▶ [DATA BLOCK]
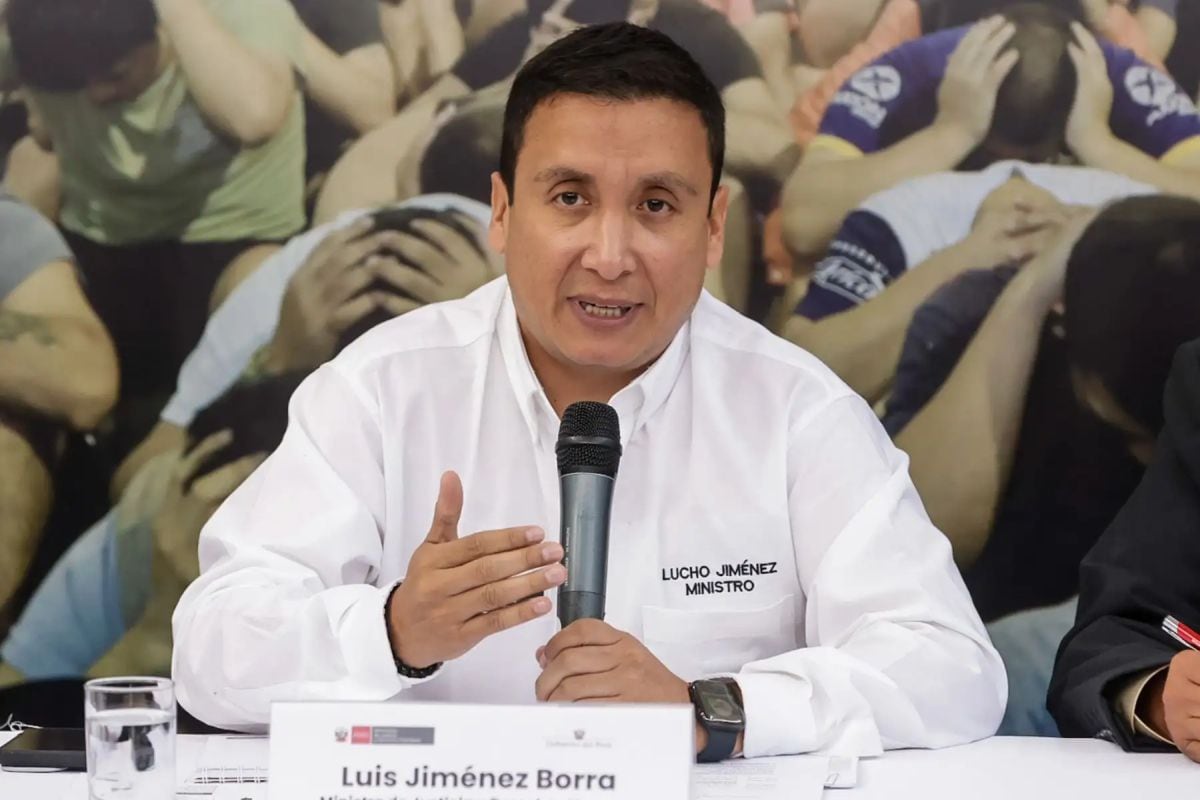 Luis Jiménez, ministro de Justicia. (Foto: Andina)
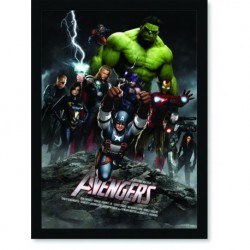 Quadro Poster Cinema Filme Vingadores Avengers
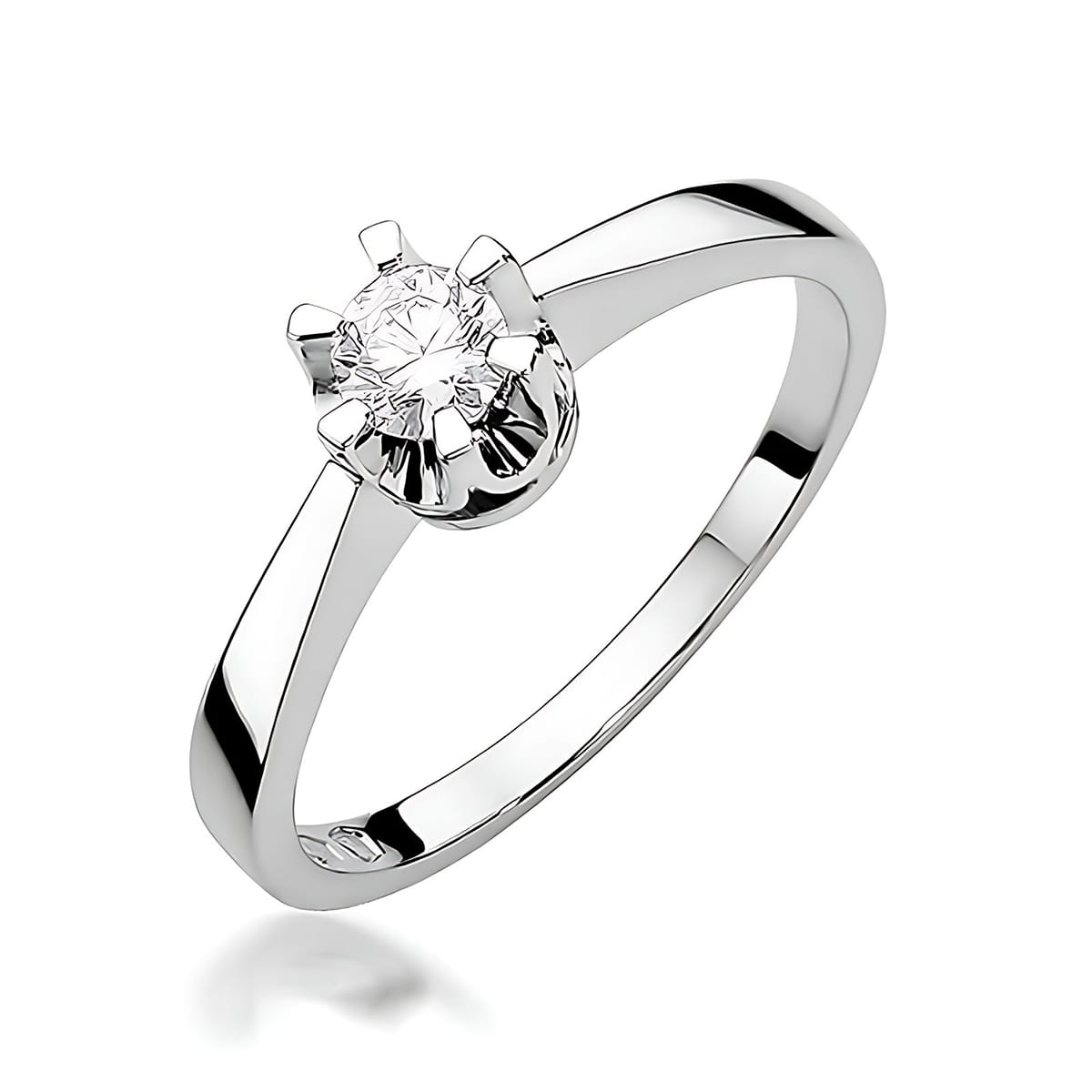 Pierścionek W0408 Diament Laboratoryjny 0,25ct białe złoto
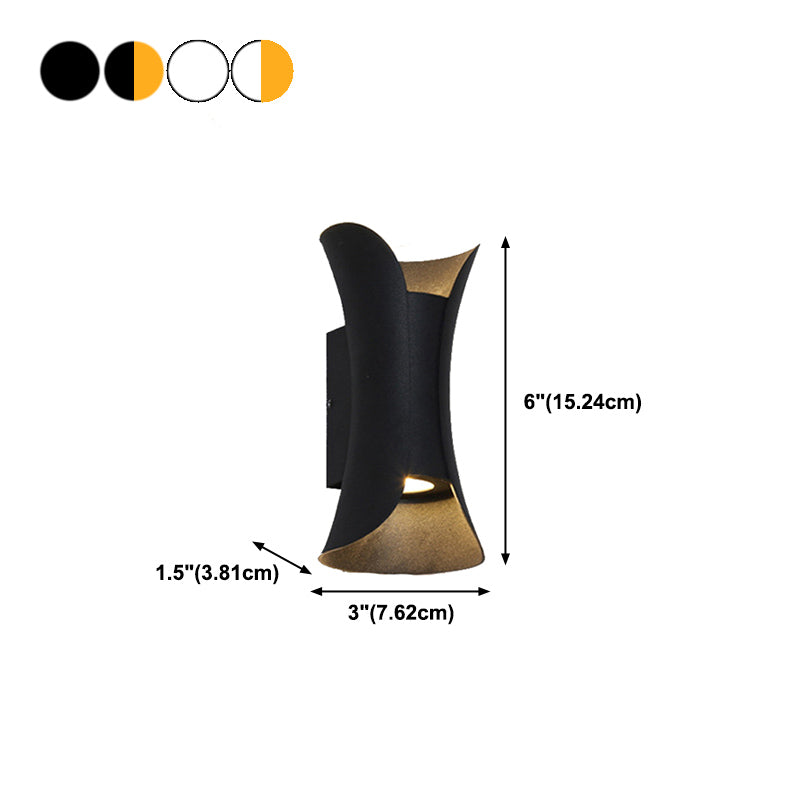 Aluminum Wall Mount Light LED Wall Sconce Light with Metal Shade for Bedroom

▶ [WORK INSTRUCTIONS]
The data above are to be repeated word for word, with any pictures left out.

▶ [WRITTEN RESPONSE]
 Luis Jiménez, ministro de Justicia. (Foto: Andina)
 Quadro Poster Cinema Filme Vingadores Avengers
 Pierścionek W0408 Diament Laboratoryjny 0,25ct białe złoto
 Aluminum Wall Mount Light LED Wall Sconce Light with Metal Shade for Bedroom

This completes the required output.